James sighed. “I behaved horridly toward her.”
“Well, I wasn’t much better. I told her that my father would never welcome her. My advice was that she remain at Summerfield with Stanley.”
“What was her answer?”
“She thinks I’m an ass.”
“She’s correct. You are.”
“I feel awful about the whole thing. I let her down.”
“So did I.”
James gnawed on his cheek, pondering, wondering what was best.
If he went to the estate and rode off with her, what precisely was his plan? He had no idea, but he muttered, “I’m going back to Summerfield.”
“To do what?”
“To do what I should have done all along. To keep Rose for myself. She and I should elope to Gretna Green.”
“Elope! Isn’t that a bit drastic?”
“Probably, but I’m making decisions on the fly. I’m worrying about Rose for a change rather than myself. I want her to be happy.”
“She let’s you call her Rose, does she?”
“Yes.”
“That must mean you’ve seduced her—as I suspected.”
“Yes, and I can’t leave her there. This entire business with Stanley is fishy. He pushed me away in the middle of the night. It was all so strange, and I was gutless in not standing up for myself.”

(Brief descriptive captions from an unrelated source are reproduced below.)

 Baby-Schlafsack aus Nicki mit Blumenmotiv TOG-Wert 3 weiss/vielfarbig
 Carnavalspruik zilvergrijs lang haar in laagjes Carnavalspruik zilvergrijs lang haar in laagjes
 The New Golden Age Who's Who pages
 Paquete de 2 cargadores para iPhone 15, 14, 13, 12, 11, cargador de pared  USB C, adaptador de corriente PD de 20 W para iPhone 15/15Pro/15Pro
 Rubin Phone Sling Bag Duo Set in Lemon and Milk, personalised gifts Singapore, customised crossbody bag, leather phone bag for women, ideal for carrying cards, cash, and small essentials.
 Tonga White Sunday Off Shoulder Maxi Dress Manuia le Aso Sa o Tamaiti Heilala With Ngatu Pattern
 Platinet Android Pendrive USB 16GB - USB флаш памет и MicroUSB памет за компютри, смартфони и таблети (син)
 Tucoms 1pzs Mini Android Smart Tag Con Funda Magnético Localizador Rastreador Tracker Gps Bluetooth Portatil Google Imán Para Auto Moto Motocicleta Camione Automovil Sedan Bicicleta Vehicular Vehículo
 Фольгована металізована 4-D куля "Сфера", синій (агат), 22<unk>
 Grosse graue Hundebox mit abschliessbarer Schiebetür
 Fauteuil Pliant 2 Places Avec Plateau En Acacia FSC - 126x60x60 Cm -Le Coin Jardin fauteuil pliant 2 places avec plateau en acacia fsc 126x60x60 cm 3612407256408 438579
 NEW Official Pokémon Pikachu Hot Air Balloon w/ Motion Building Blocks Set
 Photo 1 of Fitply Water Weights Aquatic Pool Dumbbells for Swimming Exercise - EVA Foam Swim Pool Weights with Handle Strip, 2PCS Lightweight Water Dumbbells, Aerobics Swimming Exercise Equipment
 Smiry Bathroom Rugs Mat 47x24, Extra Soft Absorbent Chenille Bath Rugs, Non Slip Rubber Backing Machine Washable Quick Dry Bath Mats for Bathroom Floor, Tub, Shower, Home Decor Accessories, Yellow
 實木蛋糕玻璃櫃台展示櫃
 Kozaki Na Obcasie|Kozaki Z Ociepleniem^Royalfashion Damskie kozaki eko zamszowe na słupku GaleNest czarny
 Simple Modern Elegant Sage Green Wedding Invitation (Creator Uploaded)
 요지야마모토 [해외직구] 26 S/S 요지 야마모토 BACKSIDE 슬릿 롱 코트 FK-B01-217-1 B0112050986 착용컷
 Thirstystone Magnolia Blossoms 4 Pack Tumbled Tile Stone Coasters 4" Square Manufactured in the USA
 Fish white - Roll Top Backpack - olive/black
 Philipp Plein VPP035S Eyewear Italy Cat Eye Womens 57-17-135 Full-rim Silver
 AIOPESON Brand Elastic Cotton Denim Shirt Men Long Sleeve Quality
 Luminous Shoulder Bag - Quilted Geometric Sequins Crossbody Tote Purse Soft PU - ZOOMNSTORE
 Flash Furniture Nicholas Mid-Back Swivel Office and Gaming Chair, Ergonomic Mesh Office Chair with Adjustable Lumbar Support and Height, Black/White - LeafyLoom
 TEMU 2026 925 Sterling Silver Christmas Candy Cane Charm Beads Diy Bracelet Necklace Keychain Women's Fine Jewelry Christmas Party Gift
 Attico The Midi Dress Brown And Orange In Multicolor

“What about India? Is that still in the cards or what?”
“The bank draft was fake. There’s no money.”
“Stanley gave you a fake bank draft?”
“Yes.”
“The prick.”
“My feeling exactly.”
James started off, and Lucas hurried to catch up.
“Are you heading back right now?” Lucas asked.
“Yes. Everything about this smells to high heaven.”
“What about Vicar Oswald and Veronica?”
“Bugger Oscar and Veronica. I’m not afraid of them, and I can’t let Stanley have Rose.”
“You’ll actually marry her yourself?”
“If I can. If she’ll have me.”
Lucas snorted with amusement. “I’d better come with you. If you’re about to propose, it’s a sight I have to see. And just so you know…”
“What?”
“She doesn’t allow me to call her Rose. With me, it’s Miss Ralston all the way.”
“As I said earlier, she’s very smart, and clearly, she’s possessed of a fine amount of common sense too.”